• [Exercise prompt]: Begin with the line containing "Twin-Set Vestido largo" and copy each line exactly through the last line of the entries, inclusive.

_ _ _ _ _

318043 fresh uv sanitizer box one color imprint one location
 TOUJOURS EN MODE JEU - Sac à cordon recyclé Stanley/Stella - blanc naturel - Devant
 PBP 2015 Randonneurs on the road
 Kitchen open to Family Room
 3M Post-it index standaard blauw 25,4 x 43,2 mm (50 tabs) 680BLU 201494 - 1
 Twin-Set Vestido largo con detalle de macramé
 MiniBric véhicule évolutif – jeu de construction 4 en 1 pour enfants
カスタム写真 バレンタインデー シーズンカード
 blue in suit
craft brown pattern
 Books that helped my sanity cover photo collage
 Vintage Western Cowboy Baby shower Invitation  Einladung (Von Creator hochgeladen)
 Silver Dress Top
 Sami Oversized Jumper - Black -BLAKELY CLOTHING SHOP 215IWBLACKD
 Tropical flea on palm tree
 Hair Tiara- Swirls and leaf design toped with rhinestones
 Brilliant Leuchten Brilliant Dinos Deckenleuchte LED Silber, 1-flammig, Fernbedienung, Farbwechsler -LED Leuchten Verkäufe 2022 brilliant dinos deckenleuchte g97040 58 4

_ _ _ _ _

• [Response to the exercise]:
 Twin-Set Vestido largo con detalle de macramé
 MiniBric véhicule évolutif – jeu de construction 4 en 1 pour enfants
カスタム写真 バレンタインデー シーズンカード
 blue in suit
craft brown pattern
 Books that helped my sanity cover photo collage
 Vintage Western Cowboy Baby shower Invitation  Einladung (Von Creator hochgeladen)
 Silver Dress Top
 Sami Oversized Jumper - Black -BLAKELY CLOTHING SHOP 215IWBLACKD
 Tropical flea on palm tree
 Hair Tiara- Swirls and leaf design toped with rhinestones
 Brilliant Leuchten Brilliant Dinos Deckenleuchte LED Silber, 1-flammig, Fernbedienung, Farbwechsler -LED Leuchten Verkäufe 2022 brilliant dinos deckenleuchte g97040 58 4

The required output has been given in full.